Durante su estancia en México, y á despecho de los malquerientes que con supina torpeza le atacaron, Tamberlick recibió innumerables demostraciones de aprecio de la mejor sociedad, y muchos somos los que aun recordamos la espléndida fiesta que en su palacio de Santa Clara le ofreció D. Juan José Baz, con asistencia de D. Benito Juárez, Presidente de la República, y D. Ignacio Mariscal, Ministro de Relaciones: esa fiesta se dió en la noche del 5 de Junio, y el gran tenor, cuyas prendas personales igualaban á su mérito de artista, dejó á todos los concurrentes prendados con su carácter amable y simpático, con su atractiva modestia y con su conversación instructiva y amena. La recepción y tertulia duraron hasta después de las tres de la madrugada, terminando con lucidísimo baile.

En 3 de Setiembre dió Maffei su beneficio con Crispino e la Comare, y el 6 del mismo se verificó el de Angela Peralta de Castera con El Barbero de Sevilla y el aria de la Sombra de Dinorah. Como obsequio de la beneficiada, doscientos individuos de varias bandas militares ejecutaron sobre el escenario y dirigidos por Ríos una estruendosa galopa.

La última función notable se verificó en la noche del 13 del repetido Setiembre, á beneficio del Maestro Moderatti, bajo el siguiente programa: Sinfonía y acto tercero de la ópera en cuatro actos de Cayetano Moderatti, Il cabalieri di Marillac; Obertura de Oberon de Weber; primero y segundo actos de Marta; obertura de la ópera de Mehul, La casa del joven Enrique; episodio musical sobre la historia de la Conquista de México, en un acto y dos cuadros, compuesto por Aniceto Ortega é intitulado Guatimotzin: en él se estrenó una decoración pintada por Fontana.

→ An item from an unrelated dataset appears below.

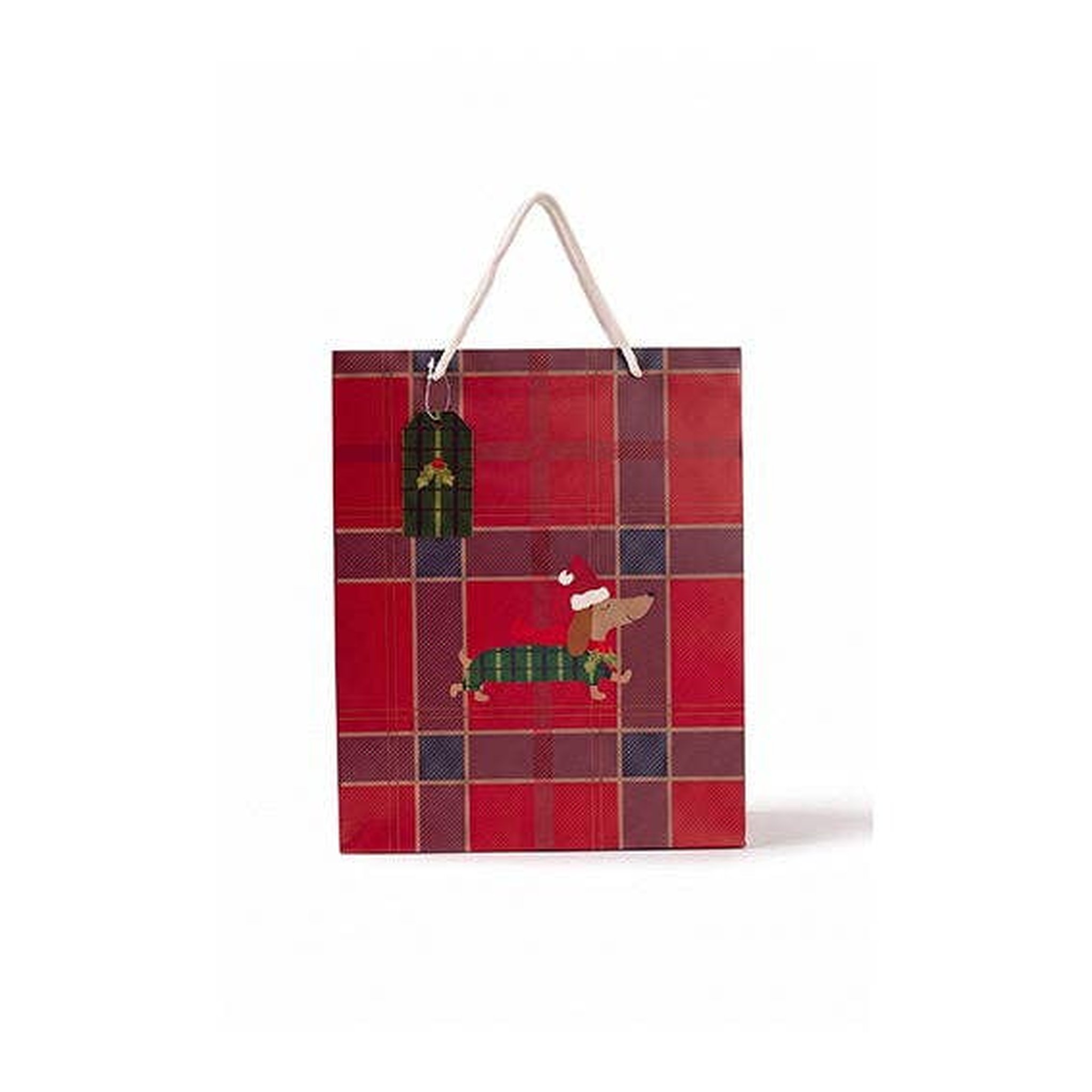 Sac cadeau à carreaux rouges avec teckel – vue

Fué esta función la última de aquella lucida temporada, que se prolongó casi cuatro meses y medio, no obstante lo cual la empresa se quejaba de haber perdido el dinero, diciendo, con asombrosa vanidad, en uno de sus prospectos, lo siguiente: "Sin poder alcanzar auxilio alguno del Gobierno y contando sólo con sus propios recursos, la Empresa se lanzó en la trabajosa, arriesgada y escabrosa especula

ción de traer á esta ciudad una Compañía de Opera Italiana, y una vez en Europa el socio gerente de ella, olvidó que se trataba de una especulación y cometió una gran falta contratando artistas de primer orden y cuyo excesivo presupuesto era imposible cubrirlo en esta Capital. Este error la obligó á festinar las funciones, á poner en cada semana un número mayor del acostumbrado, á dar, contra su voluntad, repeticiones, y á presentar algunas óperas sin el número de ensayos que necesitaban, todo por cubrir el presupuesto y sin poder alcanzarlo. Su falta, lo repito, es la de haber traído á México una Compañía cuyo sostenimiento cuesta mil pesos diarios. Esto explica las grandes pérdidas que ha sufrido y que no deben continuar, por lo cual anuncia su último abono." La prensa de la Capital condenó tanta soberbia é insolencia de una empresa, que, con excepción de aquellos artistas á quienes con frecuencia hemos elogiado, quiso hacer pasar por cantantes notables á económicas medianías.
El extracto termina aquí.